- _WHAT THIS TASK INVOLVES_: In full and unchanged, set down the entries that follow, with no images.

- _EXERCISE DATA_:

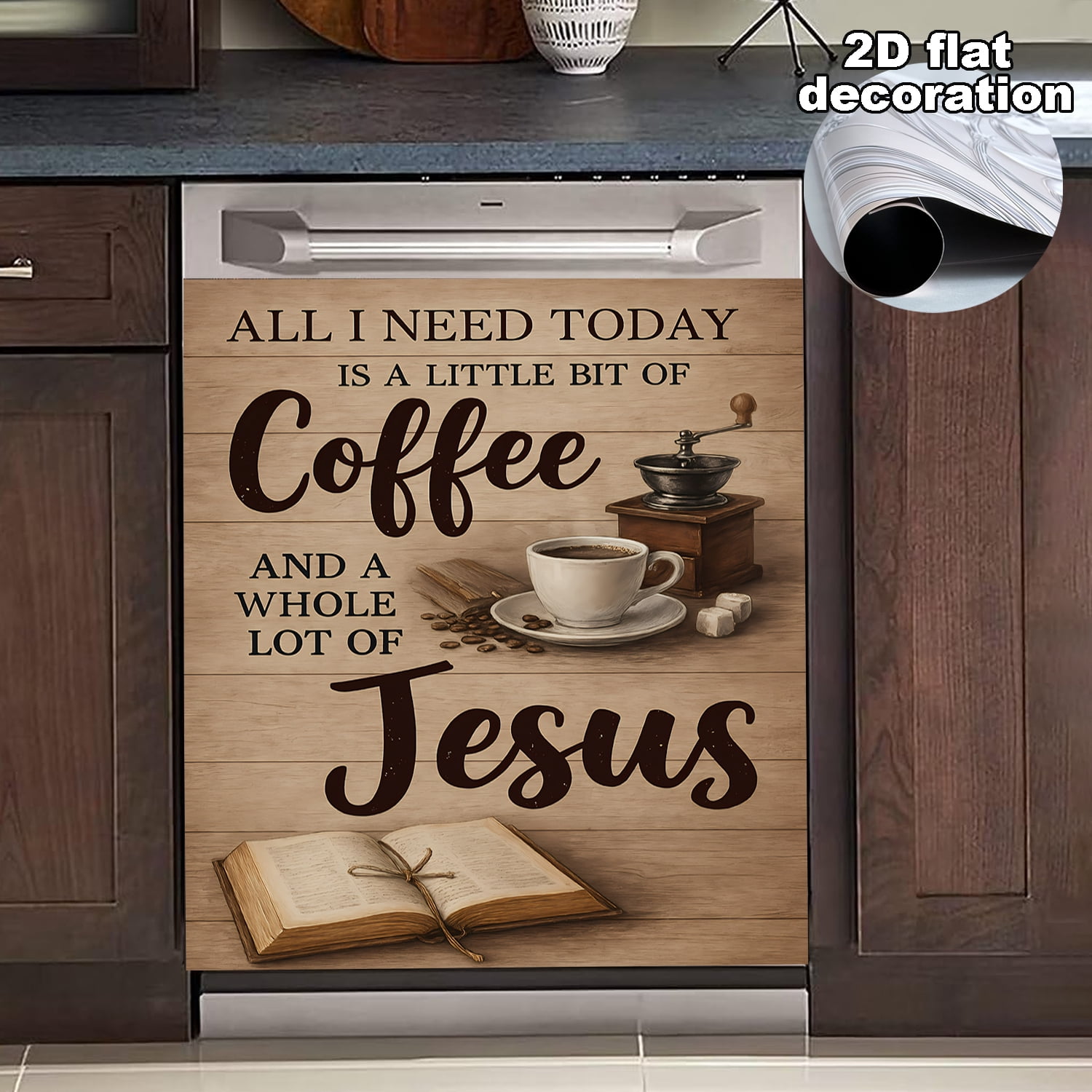 Coffee Jesus Dishwasher Magnet Cover, Dishwasher Front Door Decoration, Kitchen Decoration, Kitchen Dishwasher Decal, Refrigerator Panel, Magnetic Dishwasher Sticker 23 X 25.6 Inch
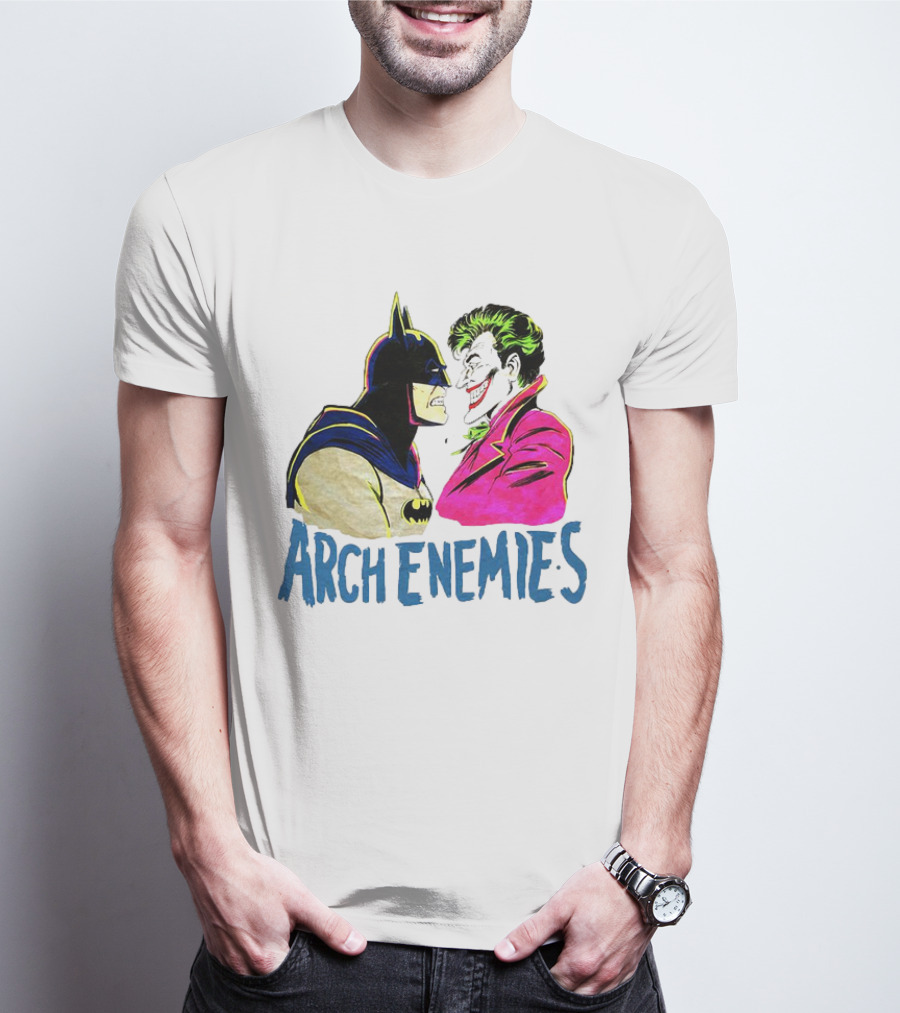 Batman Joker Arch Enemies Comics Face-Off Iconic Showdown T-Shirt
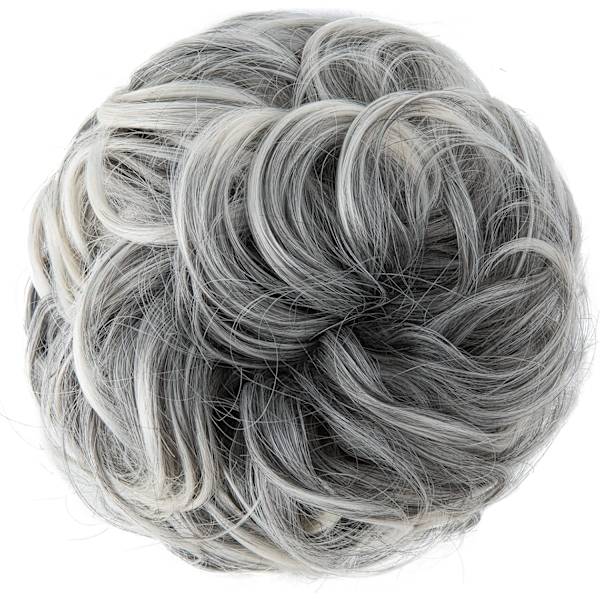 Hårknuder, Store Dame Hestehaler Naturligt Hår Hårstykker Krøllede Bølgede Hårstykker Knude og Hestehaler Hår Extensions, Syntetisk Messy Bun Gray and White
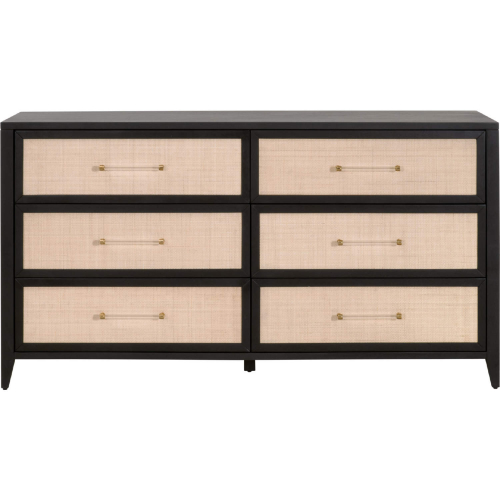 Holland 6 Drawer Double Dresser in Brushed Black Acacia & Natural Rattan 6148.B-BLK/NAT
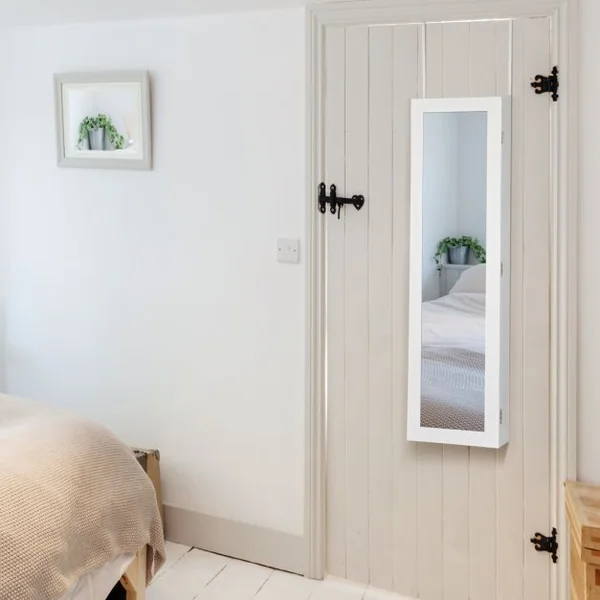 Armoire à Bijoux Murale avec Led Miroir en Verre Multi-rangements Doublure en Velours en Mdf 30x8,5x106cm Blanc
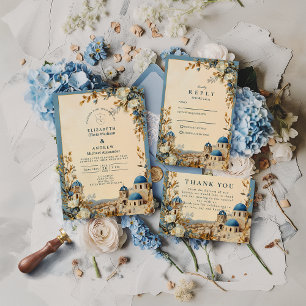 Santorini Blue Dome Botanical Elegance Enclosure Card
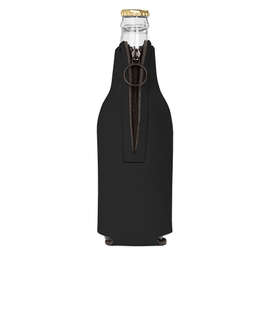 Foldable Foam Zipper Bottle Cooler - Color: Black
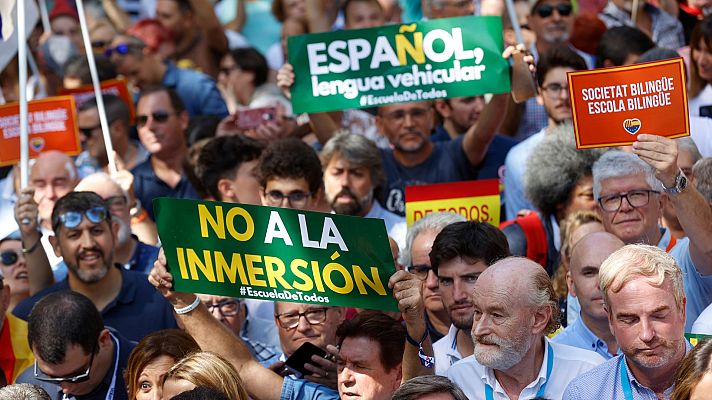 Telediario Fin de Semana - Manifestación en Barcelona en defensa del uso del castellano como lengua vehicular en las escuelas catalanas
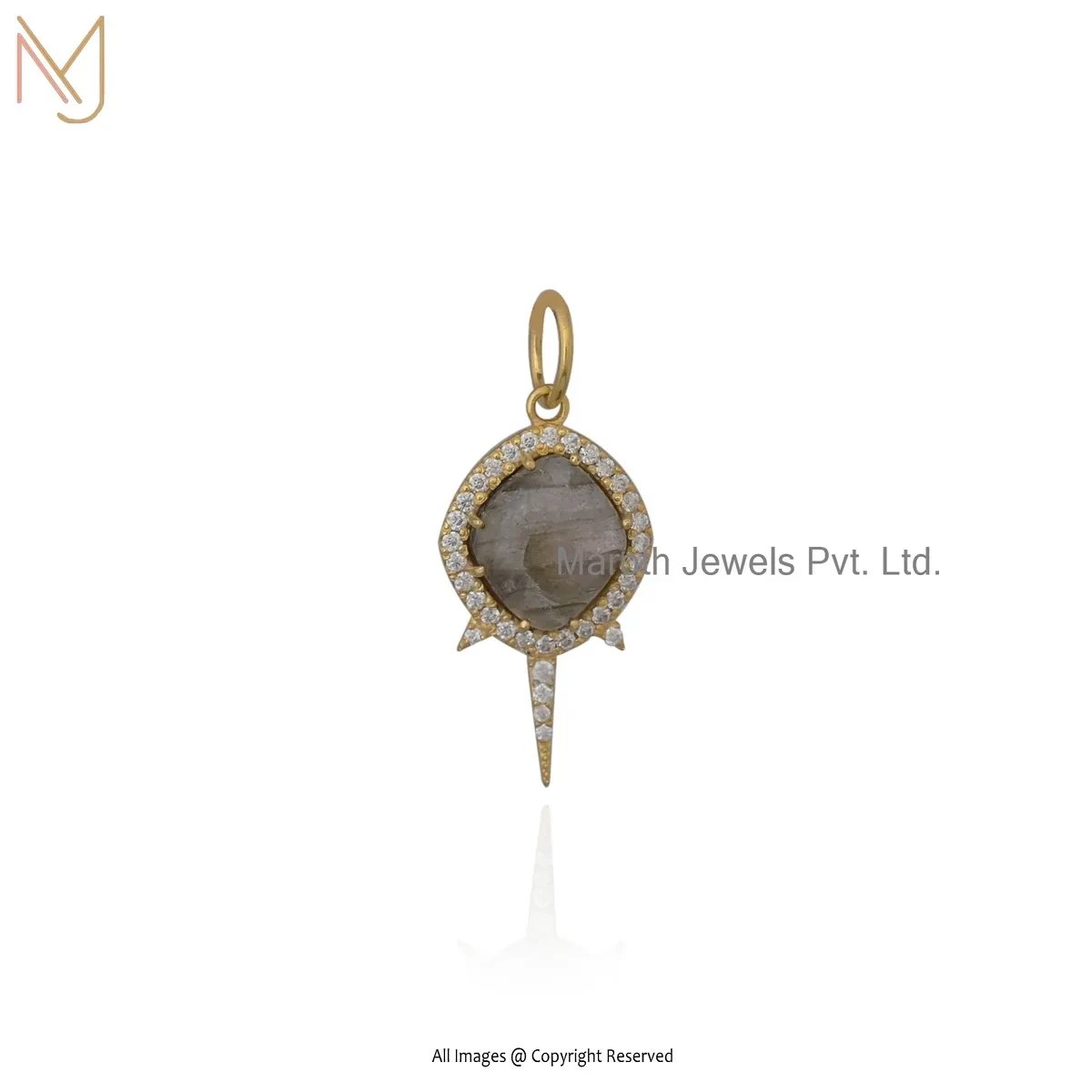 925 Silver Yellow Gold Plated Moissanite & Labradorite Square Pendant Manuafcturer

- _TASK RESULT_:
 Coffee Jesus Dishwasher Magnet Cover, Dishwasher Front Door Decoration, Kitchen Decoration, Kitchen Dishwasher Decal, Refrigerator Panel, Magnetic Dishwasher Sticker 23 X 25.6 Inch
 Batman Joker Arch Enemies Comics Face-Off Iconic Showdown T-Shirt
 Hårknuder, Store Dame Hestehaler Naturligt Hår Hårstykker Krøllede Bølgede Hårstykker Knude og Hestehaler Hår Extensions, Syntetisk Messy Bun Gray and White
 Holland 6 Drawer Double Dresser in Brushed Black Acacia & Natural Rattan 6148.B-BLK/NAT
 Armoire à Bijoux Murale avec Led Miroir en Verre Multi-rangements Doublure en Velours en Mdf 30x8,5x106cm Blanc
 Santorini Blue Dome Botanical Elegance Enclosure Card
 Foldable Foam Zipper Bottle Cooler - Color: Black
 Telediario Fin de Semana - Manifestación en Barcelona en defensa del uso del castellano como lengua vehicular en las escuelas catalanas
 925 Silver Yellow Gold Plated Moissanite & Labradorite Square Pendant Manuafcturer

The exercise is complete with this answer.